The Company recorded an overall revenue decline of 7.5% comparing the three months ended September 30, 2003 with the same period of the prior year. Comparing the nine months ended September 30, 2003 with the nine months ended September 30, 2002, consolidated revenue has grown by 3%. The growth between these periods was led by improvement in the E-Business Solution Area, which recorded a 27% increase to $2.0 million for the nine-month period ended September 30, 2003. The Interactive Media Solution Area recorded a 9% increase in revenue, comparing these same periods, to $5.8 million for the nine months ended September 30, 2003. Reducing the overall growth in consolidated revenue were the Technology Infrastructure Solution Area and Outsourced Services. The Technology Infrastructure Solution Area continues to be affected by the lack of growth in investment in technology hardware as the Company’s solutions in this area often specify the acquisition of new hardware.

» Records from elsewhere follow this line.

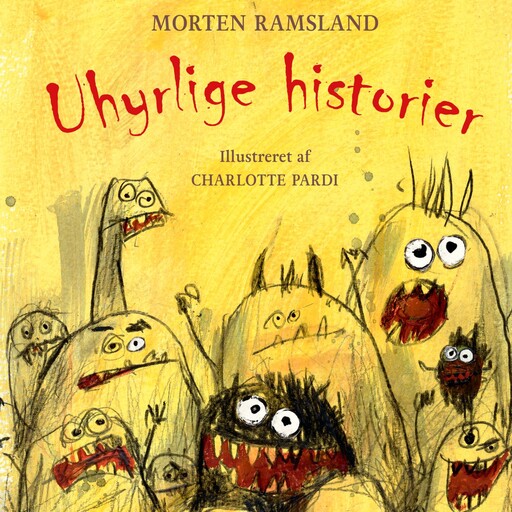 Uhyrlige historier, Morten Ramsland
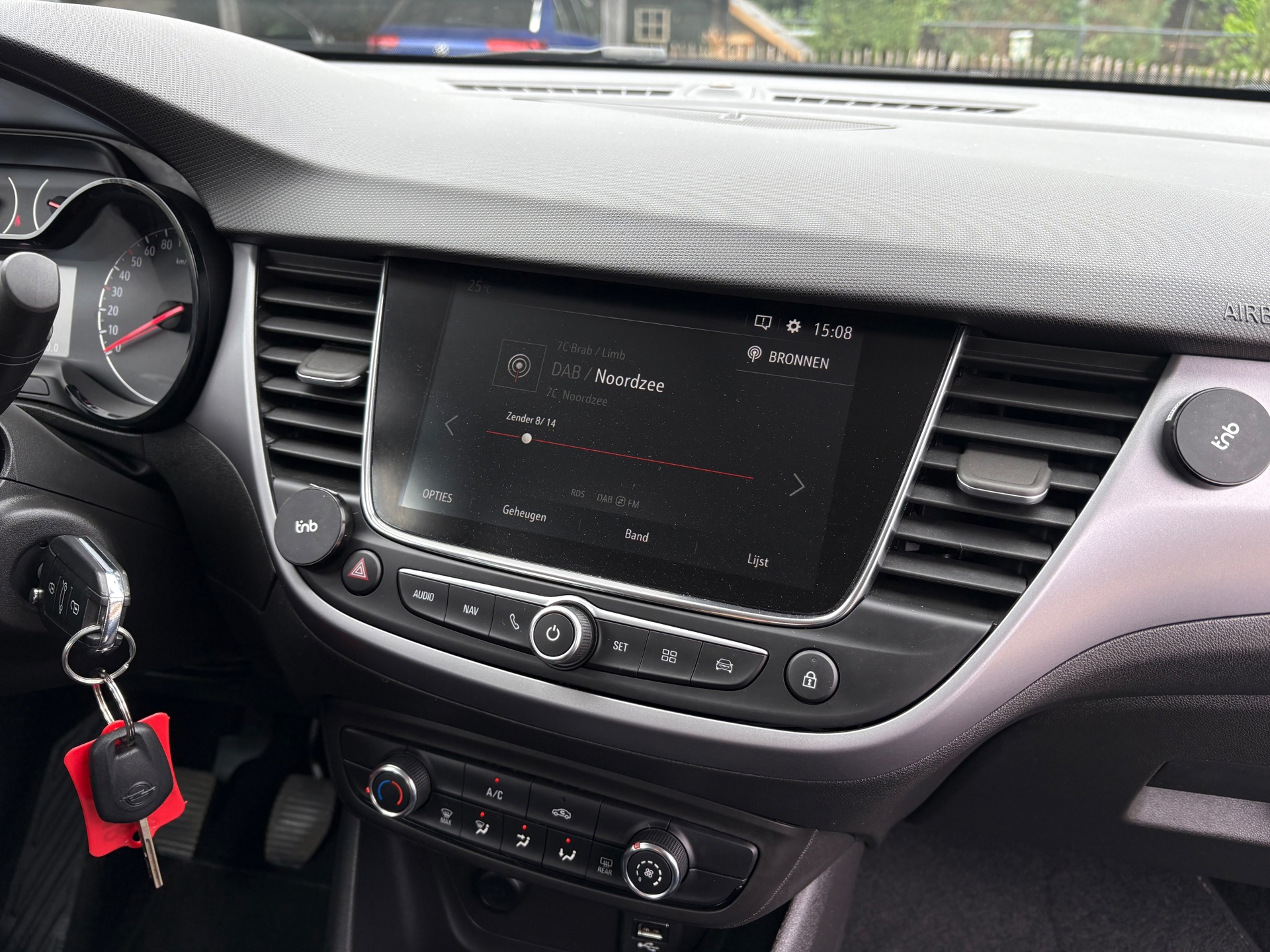 Foto van Opel Crossland X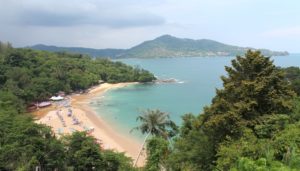 laem singh beach phuket 2 schnorcheln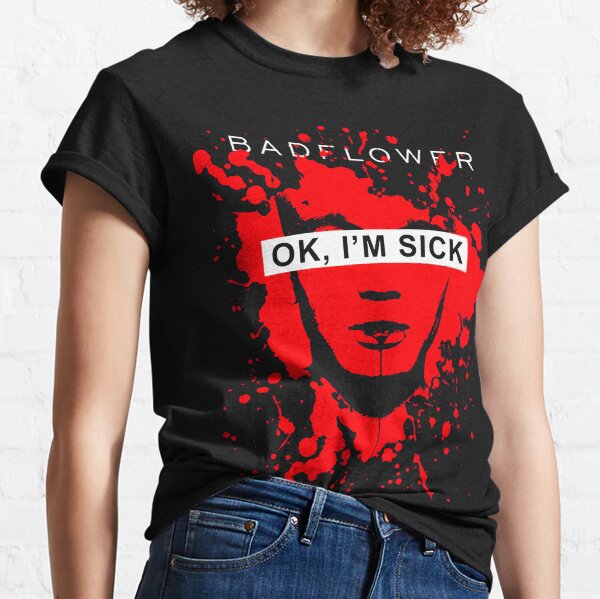 badflower shirts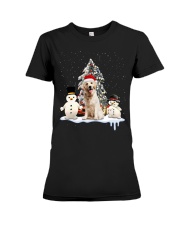 GOLDEN Premium Fit Ladies Tee tile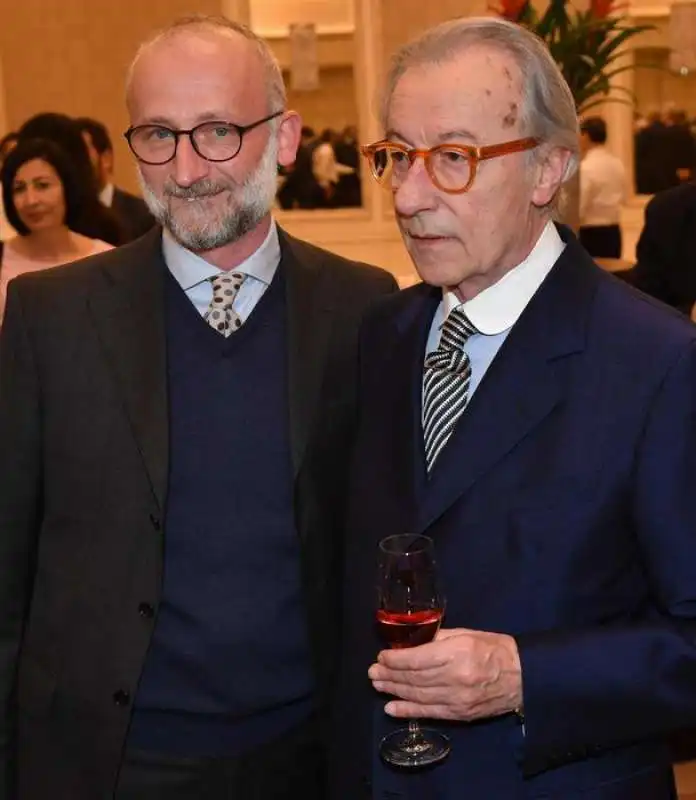 mattia e vittorio feltri premio e' giornalismo 2018 14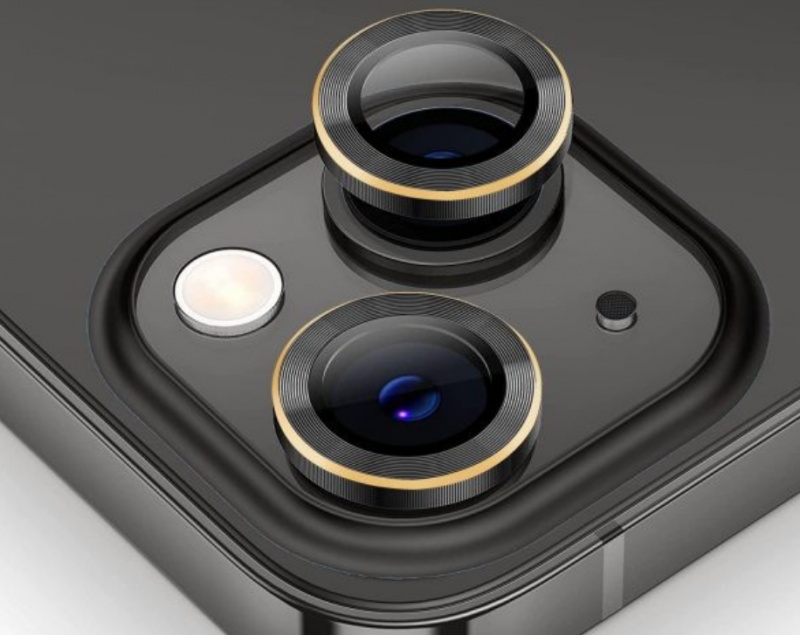 Ốp len bảo vệ Camera Mipow iPhone 14 Pro/Pro Max (BJ14B) đảm bảo tháo lắp dễ dàng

Outsourced Services revenue continued a long-term decline as the Company continues to concentrate on the higher margin areas of its business. Outsourced Services constitutes only 5% of the Company’s consolidated revenue on a year-to-date basis through September 30, 2003.

 

The Company recorded improved gross profit for the three and nine-month periods ended September 30, 2003, as compared to the same periods of the prior year, posting increases of 5% and 17%, respectively.

 

The Company recorded a 4% increase in operating expenses for the three months ended September 30, 2003 compared with the three months ended September 30, 2002. Operating expenses for the nine months ended September 30, 2003 declined 2% compared with the nine months ended September 30, 2002.

 

Business Outlook

 

The following statements are based on current expectations. These statements are forward-looking, and actual results may differ materially. See “Forward-Looking Statements” below. The Company undertakes no obligation to update these statements.

 

The Company estimates that revenue in the fourth quarter of 2003 will be in the range of $2.8 million to $3.0 million. The Company anticipates that revenue for the full year 2003 will be in the range of $12.5 million to $12.8 million. This is slightly lower than the full year estimate provided at the end of the second quarter as revenue from certain Interactive Media projects is now expected to be recorded in the first quarter of 2004 and revenue estimates have been lowered for the fourth quarter in the Company’s E-Business and Technology Infrastructure Solutions Areas due to continued sluggishness in the Northern California technology market place.

 

The Company anticipates a net loss attributable to common shareholders of between $250,000 ($0.04 per common share) and $400,000 ($0.06 per common share) in the fourth quarter of 2003. The Company anticipates that its bottom line results after preferred dividends for the full year 2003 will range from break even ($0.00 per share) to a net loss attributable to common shareholders of $100,000 ($0.01 per common share).

 

About Allin Corporation

 

Allin Corporation is a leading provider of solutions-oriented application development and technology infrastructure consulting and systems integration services. Allin specializes in interactive media and Microsoft-based technologies with operations centered on three solution areas: Interactive Media, Technology Infrastructure and E-Business. Allin leverages its experience in these areas to work with clients through a disciplined project delivery framework to ensure that solutions are delivered on time and on budget. Allin delivers these services through the trade names Allin Interactive and Allin Consulting. The Company maintains offices in Pittsburgh, Pennsylvania, Ft. Lauderdale, Florida and San Jose and Walnut Creek, California.

 

For additional information about Allin, visit the Company’s Internet site on the World Wide Web at <http://www.allin.com>.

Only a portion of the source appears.